Diane Crump was the first woman to ride in both a parimutuel race – in 1969, at Hialeah Park, where she needed a police escort to get in – and the Kentucky Derby the following year. Since then, only four of her fellow travelers, including Julie Krone, the most successful, best known and only female rider in the Hall of Fame, have been up in the saddle on the first Saturday in May. The last was Rosemary Homeister Jr., in 2003. None has finished higher than 11th.
That should have changed two years ago, when 50-to-1 shot Mine That Bird charged up the rail to steal the Derby. Chantal Sutherland had been his regular rider, lost him for two races during a change of trainers, then showed up at Churchill Downs three days before the race with a promise from one of the owners she would get the mount for the big race.
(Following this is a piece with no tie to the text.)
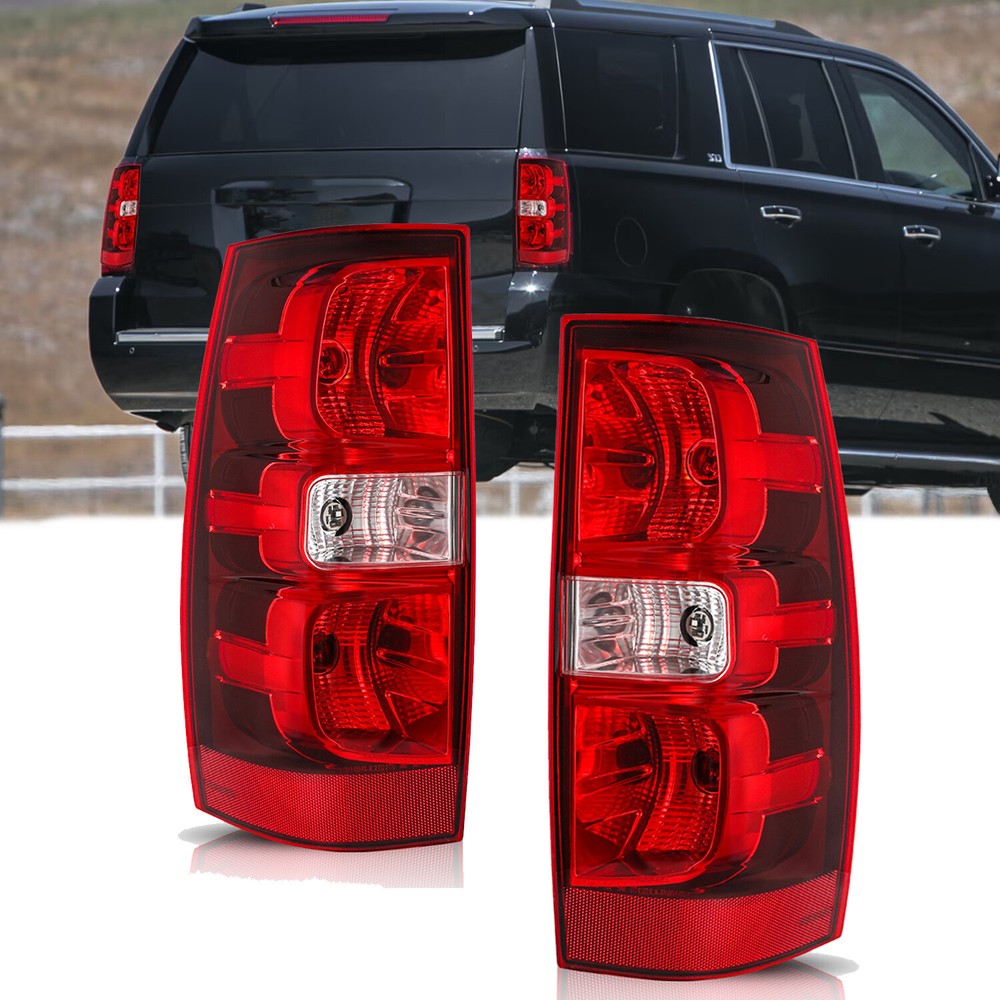 Tail Light For 2007-2014 Chevy Tahoe Suburban 1500 2500 Brake Lamp Left+Right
It went to veteran Calvin Borel instead.
“I found out about it from reading the Racing Form,” Sutherland said in a phone interview Thursday. “I never learned the reason. If somebody had said, ‘We need a jockey with experience; he’s already won it,’ I would have said fair enough.
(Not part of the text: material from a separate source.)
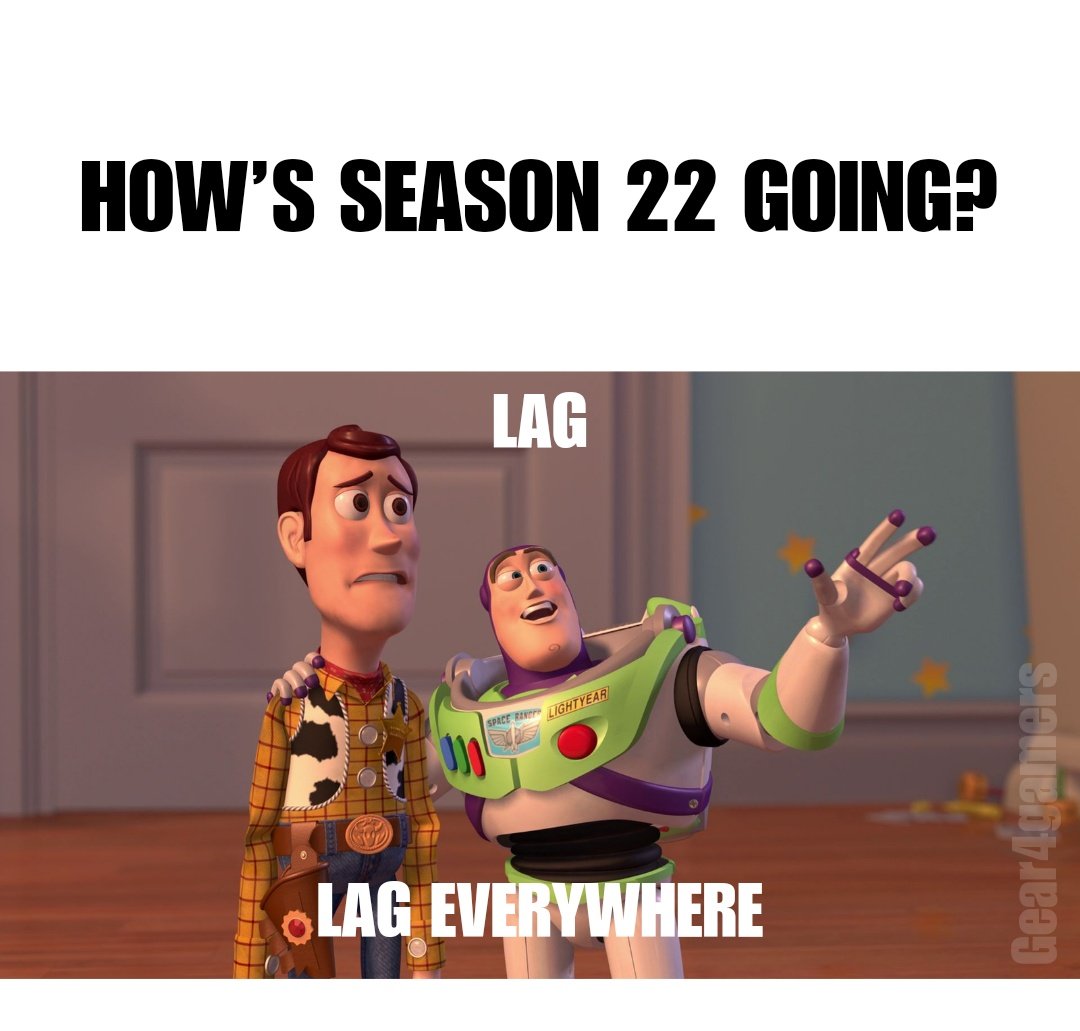 Gear4Gamers1's tweet photo. Is it really apex legends if it's not crashing every season launch 😂 #season22 https://t.co/nLTGqchzRI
“But generally, I’ve been lucky,” she added. “There’s still the odd person out there who says, ‘I won’t use her because she’s a girl,’ though they usually couch it some other way, like ‘she goes too wide in the turns, or doesn’t know how to switch the stick.’ ”
Napravnik isn’t likely to get that dreaded last-minute call, in no small part because Kelly Breen, who trains Pants on Fire, might be too afraid to pick up the phone.
“I’d rather have her on our side than have to run against her. And not to put this in a bad way, but Rosie is a redhead and she’s got that fire in her eyes. When she loses,” he said, rolling his eyes, “she’s definitely not a happy camper.”
At that point, Breen paused, glanced behind him and turned back, relieved.
“I had to look over my shoulder when I said that,” he chuckled. “Like, is Rosie anywhere nearby?”
For all that, Napravnik hardly looks imposing. She stands 5-foot-2 and weighs 111 pounds in full riding gear, with her hair bundled in a bandanna tucked beneath her helmet. She credits frequent fights with an older brother for toughening her up.
Yet in a sense, her whole life was preparation for the racetrack. Her mother, Cindy, ran a horse-training center in New Jersey while raising Rosie – her full name is Anna Rose – and two older siblings. All three grew up working around horses and in the barn. Rosie was riding by age 2, racing ponies at 7 and when she got her hands on a video called “The Jewels of the Triple Crown,” knew what she wanted to do with the rest of her life.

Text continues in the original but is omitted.